→ TASK MATERIAL
= = = = = = =

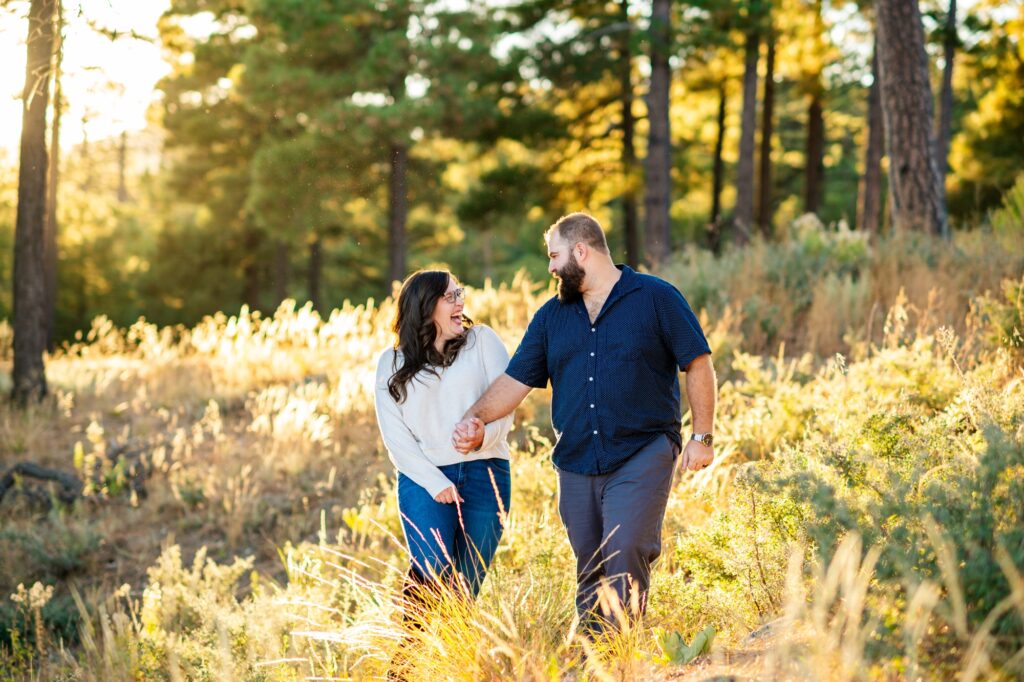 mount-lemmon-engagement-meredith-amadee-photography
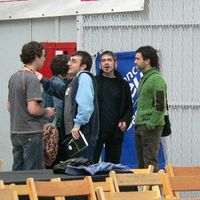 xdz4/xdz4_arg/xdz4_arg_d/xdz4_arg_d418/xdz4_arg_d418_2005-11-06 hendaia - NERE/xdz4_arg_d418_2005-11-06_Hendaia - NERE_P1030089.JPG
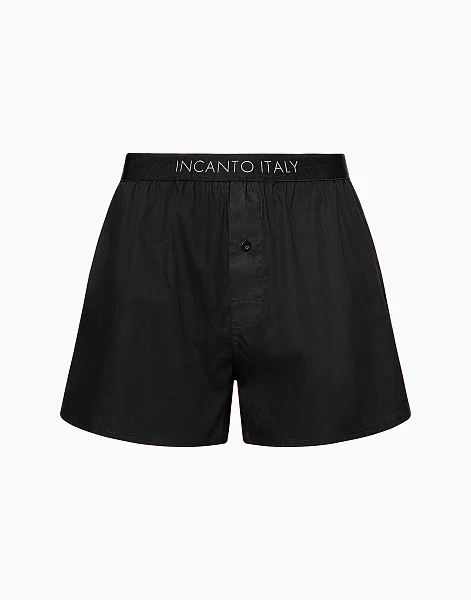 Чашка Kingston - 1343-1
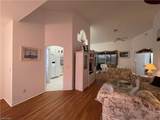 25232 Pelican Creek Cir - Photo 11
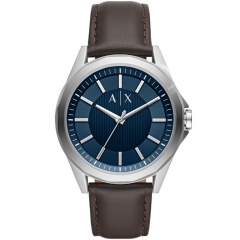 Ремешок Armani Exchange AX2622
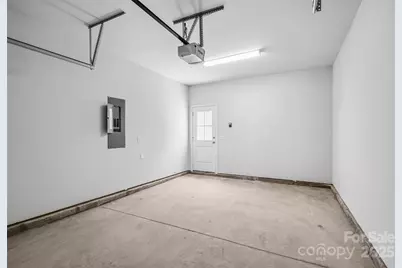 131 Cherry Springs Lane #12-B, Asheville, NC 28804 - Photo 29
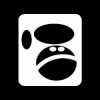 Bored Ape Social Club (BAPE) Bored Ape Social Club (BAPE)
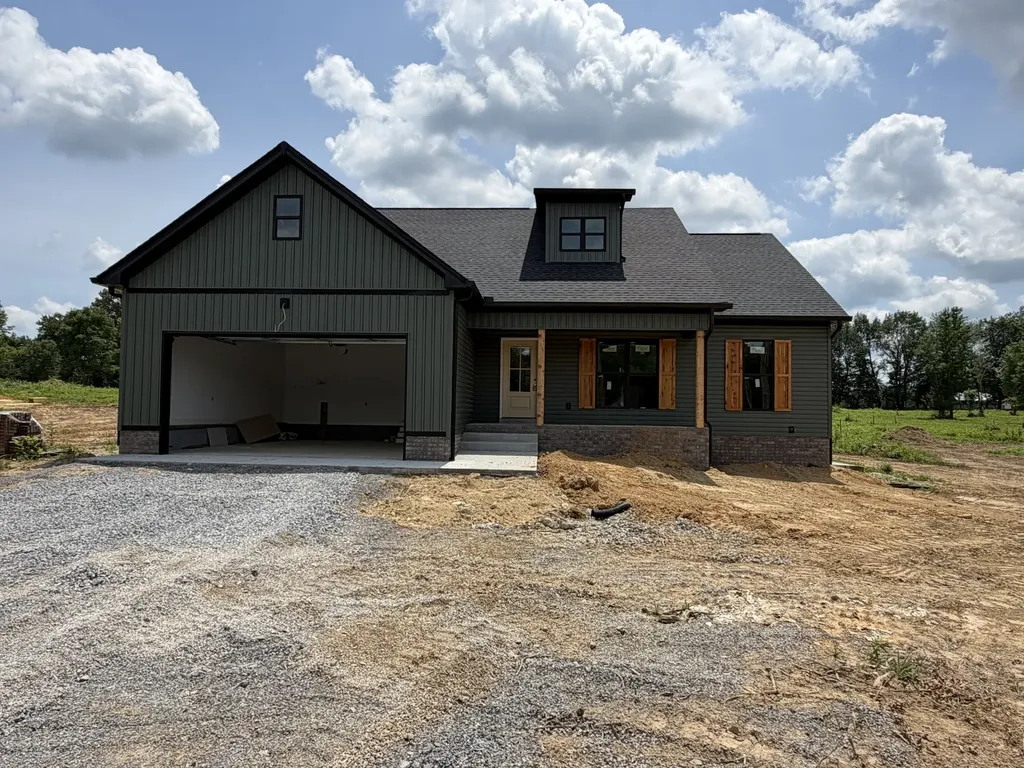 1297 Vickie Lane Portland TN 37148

= = = = = = =

→ WHAT TO WORK ON
Since the copy must hold no pictures, repeat everything else in the records exactly as written.

→ ANSWER SECTION
 mount-lemmon-engagement-meredith-amadee-photography
 xdz4/xdz4_arg/xdz4_arg_d/xdz4_arg_d418/xdz4_arg_d418_2005-11-06 hendaia - NERE/xdz4_arg_d418_2005-11-06_Hendaia - NERE_P1030089.JPG
 Чашка Kingston - 1343-1
 25232 Pelican Creek Cir - Photo 11
 Ремешок Armani Exchange AX2622
 131 Cherry Springs Lane #12-B, Asheville, NC 28804 - Photo 29
 Bored Ape Social Club (BAPE) Bored Ape Social Club (BAPE)
 1297 Vickie Lane Portland TN 37148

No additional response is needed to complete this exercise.